TASK: Every entry must be transcribed exactly. Pictures are not part of the copy.

:: ENTRIES SUPPLIED ::

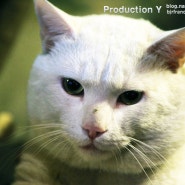 창작 융합 카페 아프리카 몽의 마스코트 터키쉬앙고라 귀여운 고양이 미우미우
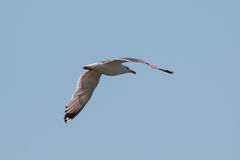 Larus fuscus barabensis
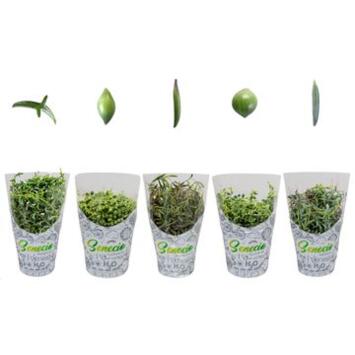 image SENECIO VARIES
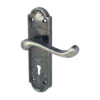 Turnberry Door Handles On Backplate, Pewter Finish (sold in pairs)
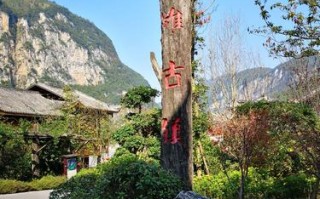 酉阳到福建汽车时刻表几点发车？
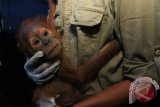 Petugas Yayasan Orangutan Sumatera Lestari - Orangutan Information Centre (YOSL-OIC) menggendong bayi Orangutan Sumatra (Pongo abelii) berumur satu tahun yang disita dari warga, setibanya di Medan, Sumatera Utara, Rabu (1/6). Bayi Orangutan jantan tersebut disita pihak BKSDA Aceh bekerjasama dengan pihak YOSL-OIC, dari seorang warga di Desa Alur Jambu, Aceh Tamiang, yang selanjutkan akan dibawa ke karantina Sumatran Orangutan Conservation Program (SOCP) Batumbelin, Sibolangit, Deli Serdang, untuk dilatih mandiri di alam. ANTARA FOTO/Irsan Mulyadi/foc/16.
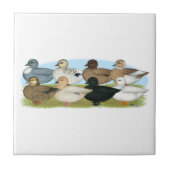 Acht bellers tegeltje (Voorkant)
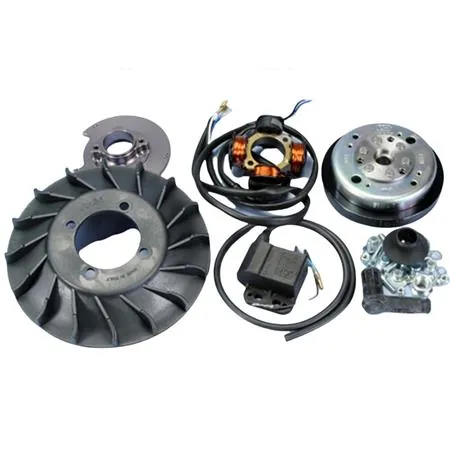 Accensione a rotore Polini per Vespa PX-pe 125/150/200 senza avviamento elettrico, ricambio 1710549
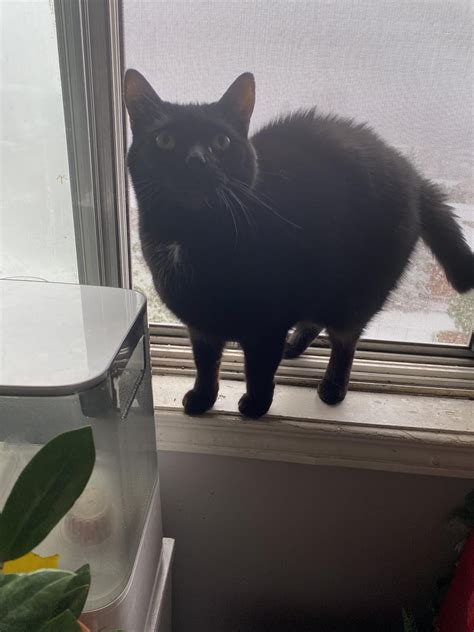 Apparently Pumpkins a fruit bat cat. I am unsure if that is accurate ...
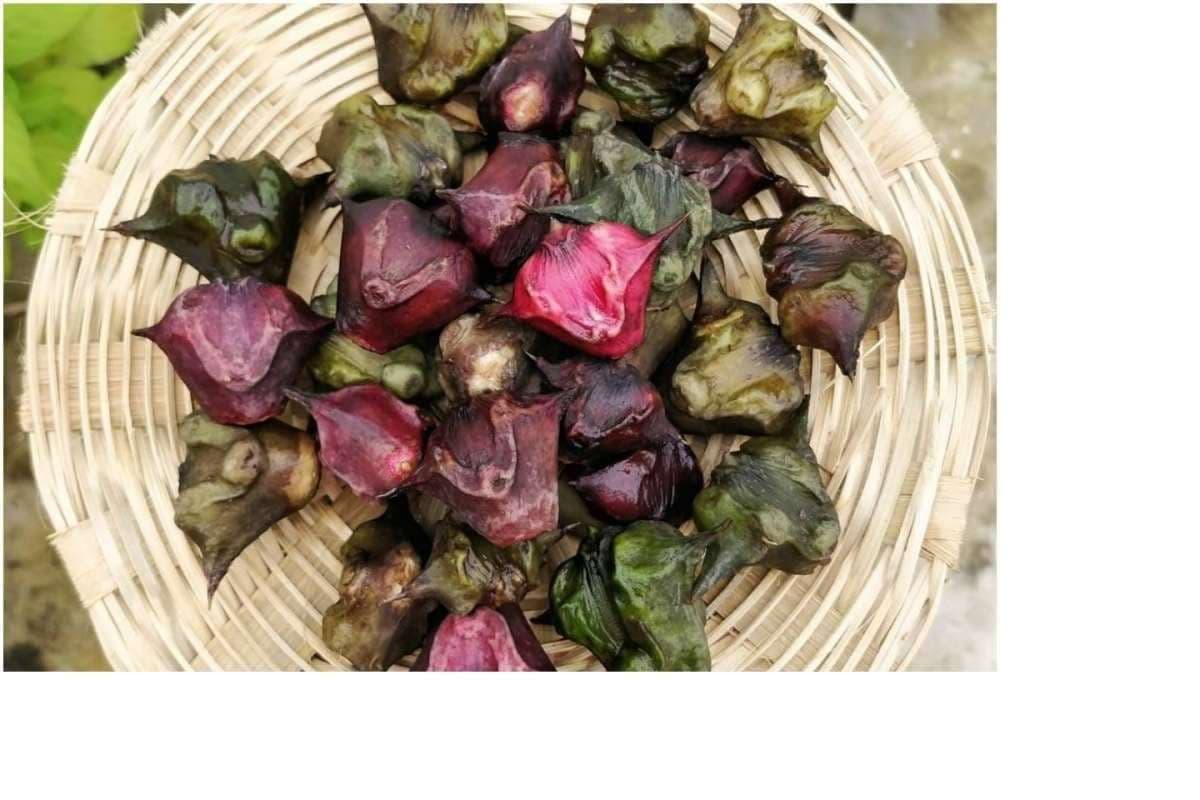 Health Benefits: जानिए, सर्दियों के सुपरफूड के बारे में, जिसे खाने से मिलते हैं कमाल के लाभ Health Benefits: जानिए, सर्दियों के सुपरफूड के बारे में, जिसे खाने से मिलते हैं कमाल के लाभ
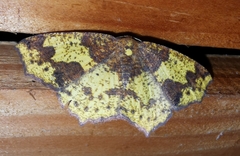 Periclina merana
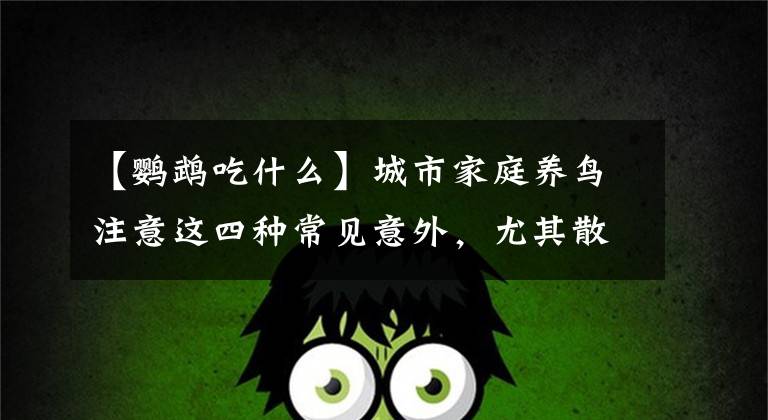 【鹦鹉吃什么】城市家庭养鸟注意这四种常见意外,尤其散养鹦鹉,更要注意前两种
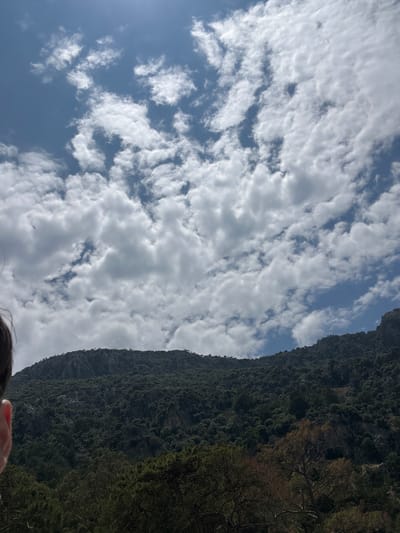 The image captures a view in what appears to be a natural setting. A densely vegetated mountainside occupies the right side of the frame, its foliage transitioning from darker greens at the top to lighter shades towards the bottom, with visible patches of bare branches among the trees. On the left, a bright sky filled with puffy white clouds stretches across the frame, contrasting with patches of clear blue. The presence of the clouds suggests daytime conditions, and the strong light indicates it might be midday. The viewpoint seems to be angled upward, looking towards the sky and the mountain peak. Based on the prompt, the location is Ortaca, Turkey, but specific details to pinpoint the exact spot are not present in the image itself. It is likely a forested area near a mountain.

:::

SOLUTION FOR THIS PROBLEM:
 창작 융합 카페 아프리카 몽의 마스코트 터키쉬앙고라 귀여운 고양이 미우미우
 Larus fuscus barabensis
 image SENECIO VARIES
 Turnberry Door Handles On Backplate, Pewter Finish (sold in pairs)
 酉阳到福建汽车时刻表几点发车？
 Petugas Yayasan Orangutan Sumatera Lestari - Orangutan Information Centre (YOSL-OIC) menggendong bayi Orangutan Sumatra (Pongo abelii) berumur satu tahun yang disita dari warga, setibanya di Medan, Sumatera Utara, Rabu (1/6). Bayi Orangutan jantan tersebut disita pihak BKSDA Aceh bekerjasama dengan pihak YOSL-OIC, dari seorang warga di Desa Alur Jambu, Aceh Tamiang, yang selanjutkan akan dibawa ke karantina Sumatran Orangutan Conservation Program (SOCP) Batumbelin, Sibolangit, Deli Serdang, untuk dilatih mandiri di alam. ANTARA FOTO/Irsan Mulyadi/foc/16.
 Acht bellers tegeltje (Voorkant)
 Accensione a rotore Polini per Vespa PX-pe 125/150/200 senza avviamento elettrico, ricambio 1710549
 Apparently Pumpkins a fruit bat cat. I am unsure if that is accurate ...
 Health Benefits: जानिए, सर्दियों के सुपरफूड के बारे में, जिसे खाने से मिलते हैं कमाल के लाभ Health Benefits: जानिए, सर्दियों के सुपरफूड के बारे में, जिसे खाने से मिलते हैं कमाल के लाभ
 Periclina merana
 【鹦鹉吃什么】城市家庭养鸟注意这四种常见意外,尤其散养鹦鹉,更要注意前两种
 The image captures a view in what appears to be a natural setting. A densely vegetated mountainside occupies the right side of the frame, its foliage transitioning from darker greens at the top to lighter shades towards the bottom, with visible patches of bare branches among the trees. On the left, a bright sky filled with puffy white clouds stretches across the frame, contrasting with patches of clear blue. The presence of the clouds suggests daytime conditions, and the strong light indicates it might be midday. The viewpoint seems to be angled upward, looking towards the sky and the mountain peak. Based on the prompt, the location is Ortaca, Turkey, but specific details to pinpoint the exact spot are not present in the image itself. It is likely a forested area near a mountain.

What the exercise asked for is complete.